### SUPPLIED INFORMATION

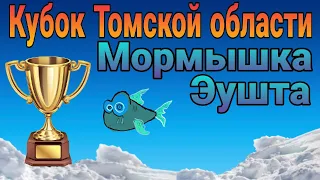 Кубок Томской области им.В.Жданова по мормышке. Первый этап.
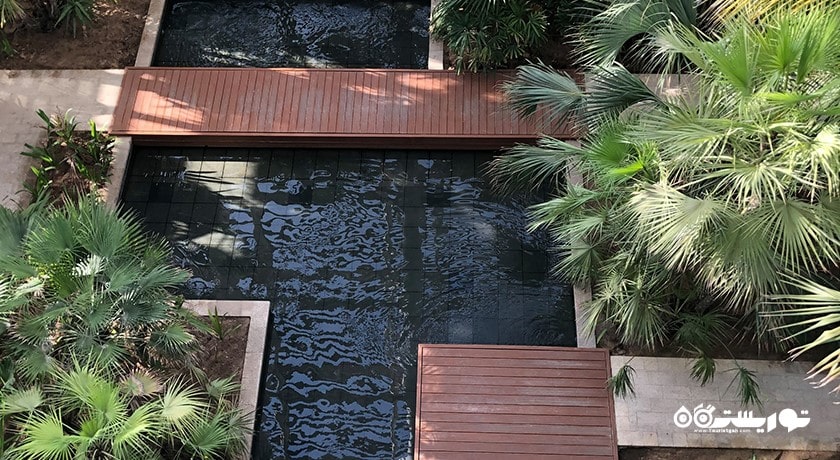  پارک ام الامارات شهر امارات متحده عربی کشور ابوظبی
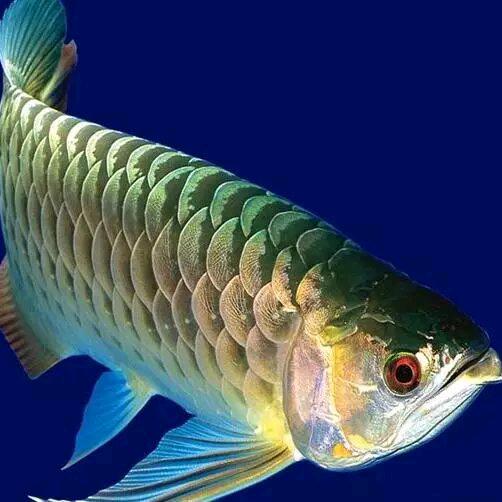 水里有🐟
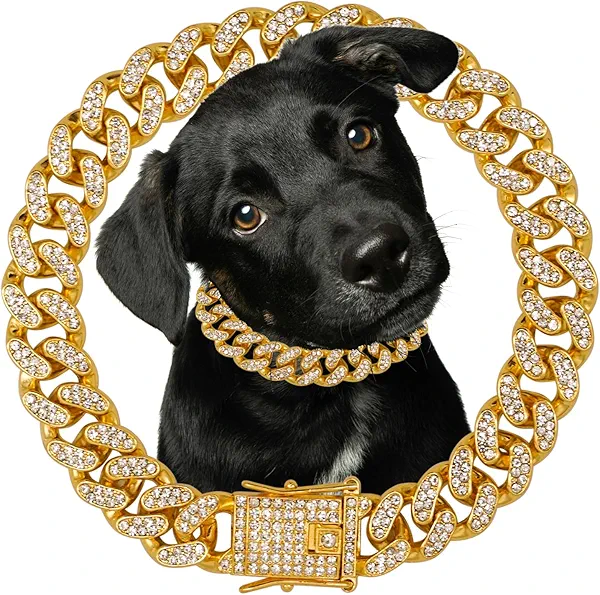 Dog Chain Diamond Collar 18K Gold Plated Walking Metal Chain 12 mm Wide Necklace with Secure Buckle Pet Cuban Style Collar Jewelry Accessories for Small Medium Large Dog Cats (12inch, Gold)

### EXERCISE
Repeat the listing above word for word. Do not include the pictures.

### OUTPUT OF THE EXERCISE
 Кубок Томской области им.В.Жданова по мормышке. Первый этап.
  پارک ام الامارات شهر امارات متحده عربی کشور ابوظبی
 水里有🐟
 Dog Chain Diamond Collar 18K Gold Plated Walking Metal Chain 12 mm Wide Necklace with Secure Buckle Pet Cuban Style Collar Jewelry Accessories for Small Medium Large Dog Cats (12inch, Gold)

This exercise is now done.